Олимпия возвратилась в свой будуар, облачилась в шелковое узорчатое платье, поправила прическу и поспешила пригласить герцога войти.
— Ох, Бог ты мой, — вскричал он, — сколько же нужно потрудиться, чтобы проникнуть к вам, прекрасная дама!
— Напротив, это я должна была бы роптать на вас, господин герцог, — возразила Олимпия, — и спросить, отчего вы столь редкий гость?
— О, вот прелестно! — сказал Пекиньи. — И вы это говорите мне?
— Разумеется, вам.
— Так вы не знаете, почему я не мог повидаться с вами?
— Нет.
— Что ж, я вам скажу. Потому что ваш тиран велит выставлять посетителей за дверь.
— И вас было приказано выставлять? Вас тоже?
— Да, меня тоже.
— Вам нанесли такое оскорбление, господин герцог?
— Да. Хотите отомстить за меня?
— Я хочу быть хозяйкой у себя дома, — сказала Олимпия, — и коль скоро я никогда не отдавала распоряжения закрыть перед вами двери этого дома, отныне, если вам угодно, вы сможете входить сюда без затруднений, не нуждаясь, как сегодня, в том, чтобы ссылаться на королевские приказы, тем самым пугая меня, Олимпию Клевскую, бедную комедиантку, для которой приказ короля всегда сводится к одному лишь слову: Фор-л'Эвек.
— Но я ничего не выдумывал, поверьте, прошу вас. У меня самый доподлинный королевский приказ, подписанный собственной рукой его величества.
— И куда же меня велено препроводить: в Версаль или в Фор-л'Эвек? — смеясь, осведомилась Олимпия.
— О, ни в тот ни в другой. Вам приказывают играть на сцене.
— Мне? — вскричала Олимпия, охваченная любопытством и, главное, полнейшим восторгом, так как театр она любила больше всего на свете, не считая Баньера.
— Ну да, вам.
— Как же так? Я думала, что я провалилась и вследствие этого освобождена от своих обязанностей.
— Отнюдь; вам для полного триумфа не хватило самой малости: вы, напротив, дебютировали удачно, чрезвычайно удачно. Вот только некто заметил, что вы склонны скрываться. Все великие артисты, если они манкируют своим искусством, отнимают у нас разом и свет и тепло.
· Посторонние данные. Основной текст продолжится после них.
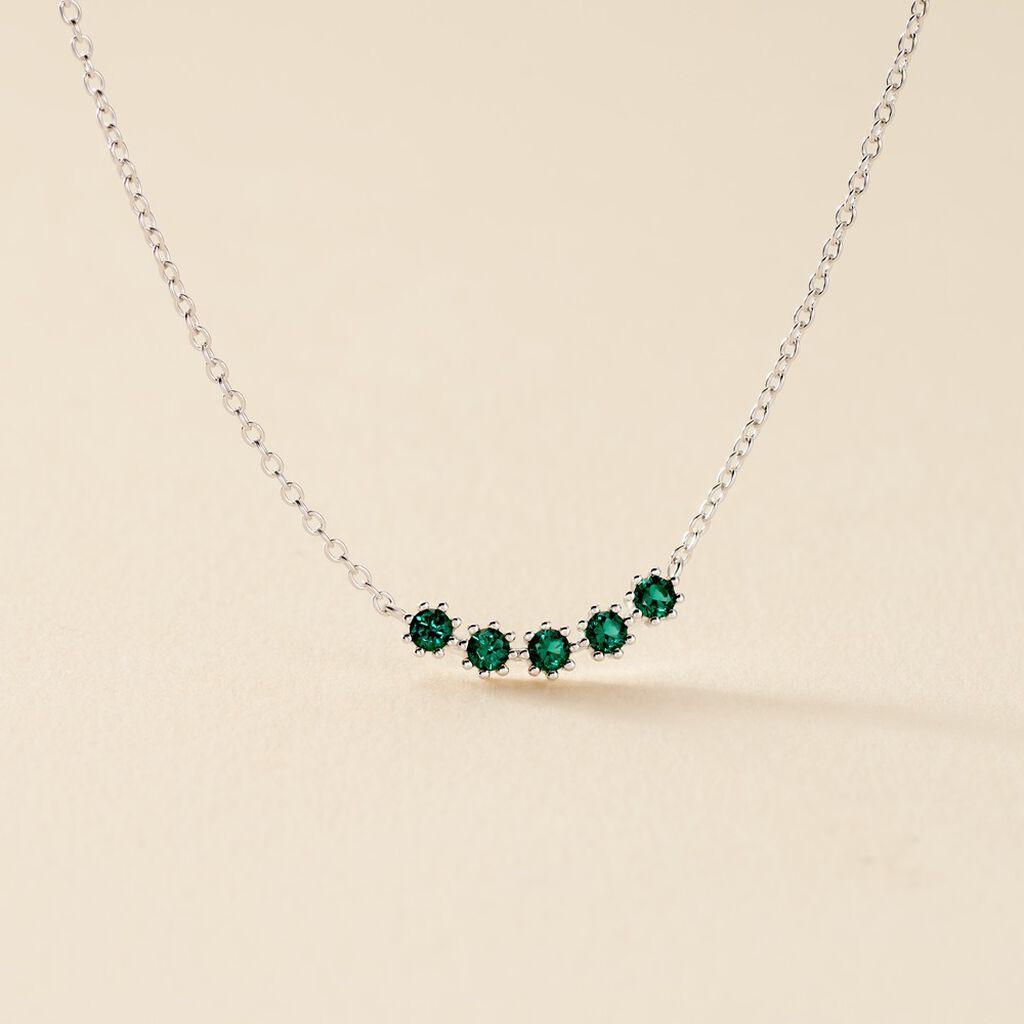 Collier Karrie Argent Blanc Oxyde De Zirconium - Colliers fantaisie Femme | Histoire d&rsquo;Or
Так вот, с тех пор как вы, прекрасная Олимпия, пропали из виду, наступили сумерки, воцарился холод. Некто, от кого не укрылось все это, на вас в обиде, отсюда и приказ, подписанный его рукой.
С этими словами Пекиньи извлек из кармана небольшой лист бумаги и протянул его прекрасной комедиантке. Олимпия взяла его и с неописуемой радостью прочла:
«Согласно воле короля, господам артистам, набранным с этой целью одним из дворян королевских покоев, не позже чем через две недели надлежит сыграть „Притворщицу Агнессу“ и „Ирода и Мариамну“. Дворянин королевских покоев, облеченный полномочиями, начиная с этого дня будет распределять роли и следить, чтобы проводились репетиции».
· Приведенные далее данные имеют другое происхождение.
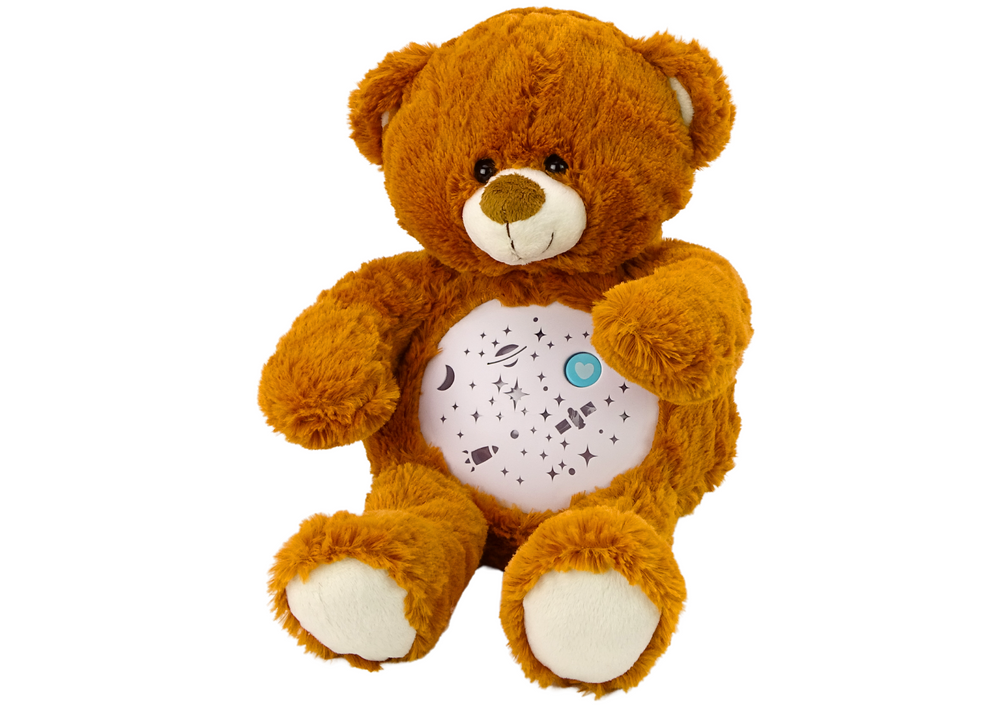 Uspávací Plyšový Medvídek Světla Zvuky Denní a Noční Režim Hnědý - LEAN Toys 5905991017073 — Denní i noční režim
— Я буду играть в обеих пьесах? — спросила Олимпия.
— Несомненно; разве обе эти роли вам незнакомы?
— «Мариамну» я знаю, а вот в «Притворщице Агнессе» никогда не играла, хотя держу ее в памяти целиком.
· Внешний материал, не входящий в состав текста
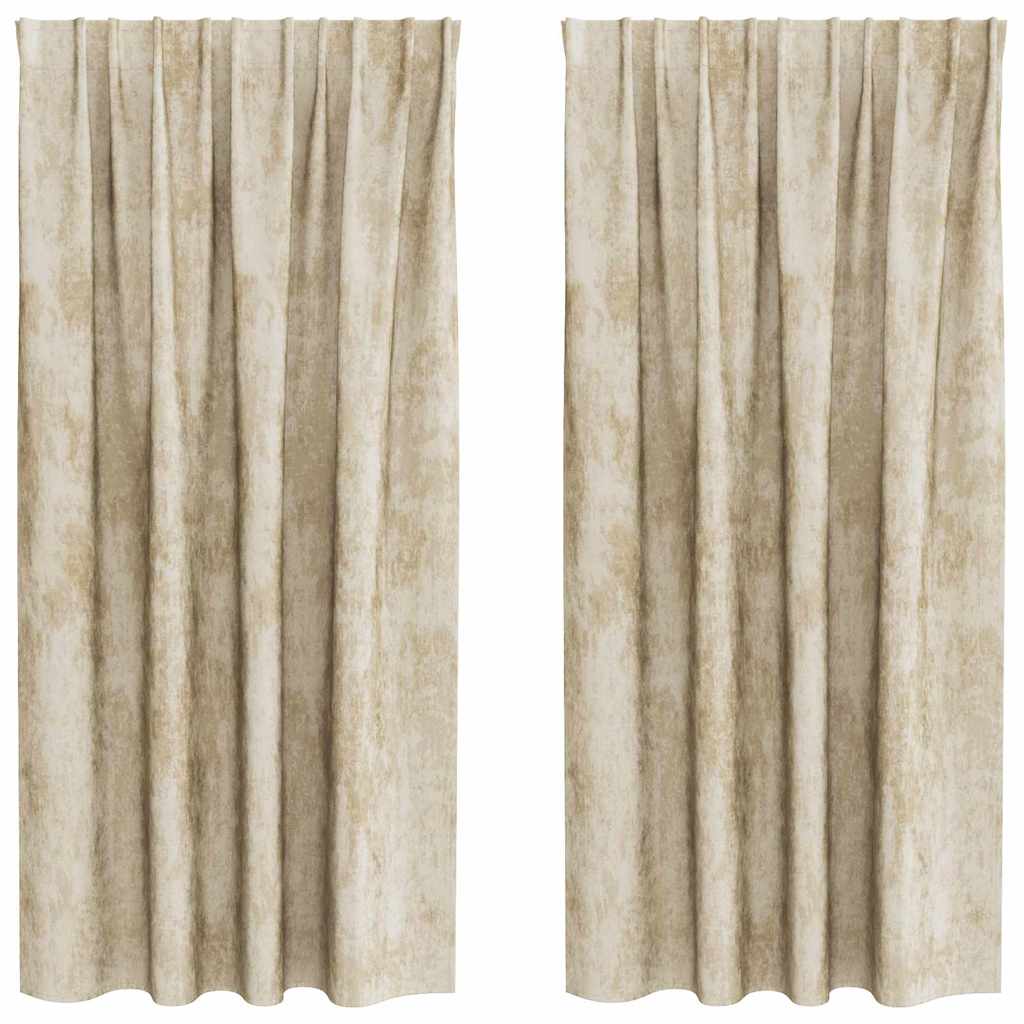 VidaXL Samtvorhänge mit Gardinen 2 Stück Creme 175 x 140 cm Samt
— Вам угодно выбрать какую-нибудь другую роль?
— Вовсе нет, эта прелестна, однако она требует серьезной подготовки.
— О, не слишком длительной!
— Вы заблуждаетесь, господин герцог: роль прелестная, как я уже имела честь вам сказать, но она нуждается в том, чтобы над ней поработали.
— Положение обязывает, и вы, прекрасная дама, это хорошо знаете, ничего нового я вам не сообщаю.
— Хорошо, — отозвалась Олимпия с улыбкой, — сделаем все возможное, чтобы удовлетворить его величество.
— О сударыня, вы уже успели слишком сильно понравиться королю, чтобы не удовлетворить его в самой полной мере.
— Это приказ короля вынуждает вас говорить мне подобные вещи, господин герцог? — спросила Олимпия.
— Нет, это написано в ваших прекрасных глазах.